Major league affiliations
- Team: Kansas City Athletics (1958)

Minor league titles
- League titles (0): None

Team data
- Name: Winona A's (1958)
- Ballpark: Gabrych Park (1958)

= Winona A's =

The Winona A's (or interchangeable "Athletics") were a minor league baseball team based in Winona, Minnesota. In 1958, the A's played a partial season in Winona as an affiliate of the Kansas City Athletics in the Class B level Illinois–Indiana–Iowa League ("Three-I League"). The team came into existence during the season, when the newly formed Rochester A's team relocated to Winona on June 29, 1958. The team ended the season in fifth place. Winona hosted home minor league games at Gabrych Park.

==History==
Winona first hosted minor league baseball in 1877, when the Winona "Clippers" were a member of the League Alliance. Winona, Minnesota previously hosted minor league baseball from 1909 to 1915, with the Winona Pirates teams of the Minnesota–Wisconsin League and Northern League.

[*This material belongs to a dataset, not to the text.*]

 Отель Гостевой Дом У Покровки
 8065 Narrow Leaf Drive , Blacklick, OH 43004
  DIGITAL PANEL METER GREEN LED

Before moving to Winona, the 1958 Rochester A's began play as a new team in the six-team Class D level Illinois–Indiana–Iowa League. The A's were a minor league affiliate of the Kansas City Athletics. The Burlington Bees, Cedar Rapids Braves, Davenport DavSox, Fox Cities Foxes and Green Bay Bluejays teams joined the Rochester A's in beginning Illinois–Indiana–Iowa League play on April 27, 1958.

On June 29, 1958, during the season, the Rochester A's franchise relocated to Winona. The A's had compiled a record of 20–37 at the time of the move. The team continued the season playing as the "Winona A's," compiling a 37–36 record while based in Winona. With an overall record of 57–73, the A's placed fifth in the Illinois–Indiana–Iowa League. Playing the season under managers Burl Storie, Leverette Spencer and Lew Krausse, the A's finished 20.0 games behind the first place Cedar Rapids Braves (77–53) in the final regular season standings. The A's did not qualify for the playoff, where Cedar Rapids defeated the second place Davenport DavSox in the Finals. A's pitcher Stan Horvatin led the league with 210 strikeouts. Overall, the A's had a strong offense and led the Illinois–Indiana–Iowa League with both 761 runs scored and 147 home runs. The A's also pitchers also surrendered 764 total runs, most in the league. Richard Rogers led the A's team with 27 home runs.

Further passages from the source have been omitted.